Antonio Pigafetta, a Florentine navigator who went with Magellan on the first voyage around the world, wrote, upon his passage through our southern lands of America, a strictly accurate account that nonetheless resembles a venture into fantasy. In it he recorded that he had seen hogs with navels on their haunches, clawless birds whose hens laid eggs on the backs of their mates, and others still, resembling tongueless pelicans, with beaks like spoons. He wrote of having seen a misbegotten creature with the head and ears of a mule, a camel’s body, the legs of a deer and the whinny of a horse. He described how the first native encountered in Patagonia was confronted with a mirror, whereupon that impassioned giant lost his senses to the terror of his own image.

This short and fascinating book, which even then contained the seeds of our present-day novels, is by no means the most staggering account of our reality in that age. The Chronicles of the Indies left us countless others. Eldorado, our so avidly sought and illusory land, appeared on numerous maps for many a long year, shifting its place and form to suit the fantasy of cartographers. In his search for the fountain of eternal youth, the mythical Alvar Núñez Cabeza de Vaca explored the north of Mexico for eight years, in a deluded expedition whose members devoured each other and only five of whom returned, of the six hundred who had undertaken it. One of the many unfathomed mysteries of that age is that of the eleven thousand mules, each loaded with one hundred pounds of gold, that left Cuzco one day to pay the ransom of Atahualpa and never reached their destination. Subsequently, in colonial times, hens were sold in Cartagena de Indias, that had been raised on alluvial land and whose gizzards contained tiny lumps of gold. Our founders’ lust for gold beset us until recently. As late as the last century, a German mission appointed to study the construction of an interoceanic railroad across the Isthmus of Panama concluded that the project was feasible on one condition: that the rails not be made of iron, which was scarce in the region, but of gold.

Our independence from Spanish domination did not put us beyond the reach of madness.
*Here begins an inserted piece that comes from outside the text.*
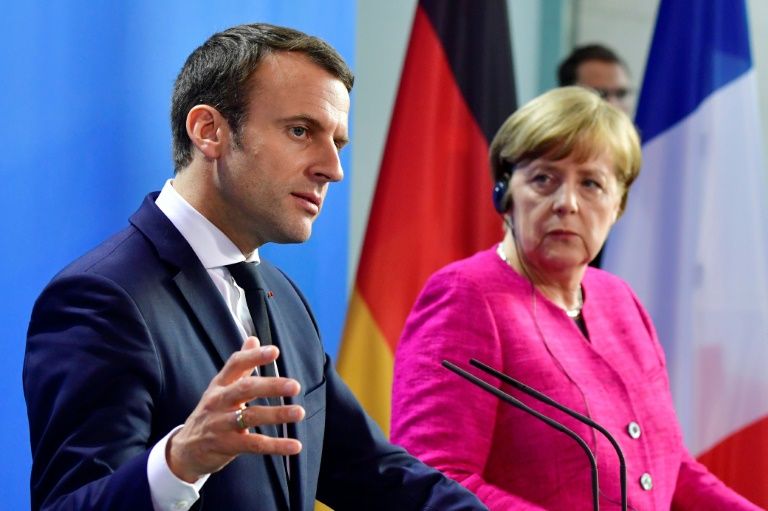 Macron Merkel say ready to change EU treaties if needed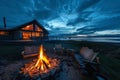 Fire burning in fire pit with wooden chairs and modern log cabin overlooking the ocean at sunset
General Antonio Lopez de Santana, three times dictator of Mexico, held a magnificent funeral for the right leg he had lost in the so-called Pastry War. General Gabriel Garciá Moreno ruled Ecuador for sixteen years as an absolute monarch; at his wake, the corpse was seated on the presidential chair, decked out in full-dress uniform and a protective layer of medals. General Maximiliano Hernández Martínez, the theosophical despot of El Salvador who had thirty thousand peasants slaughtered in a savage massacre, invented a pendulum to detect poison in his food, and had streetlamps draped in red paper to defeat an epidemic of scarlet fever. The statue to General Francisco Morazán erected in the main square of Tegucigalpa is actually one of Marshal Ney, purchased at a Paris warehouse of second-hand sculptures.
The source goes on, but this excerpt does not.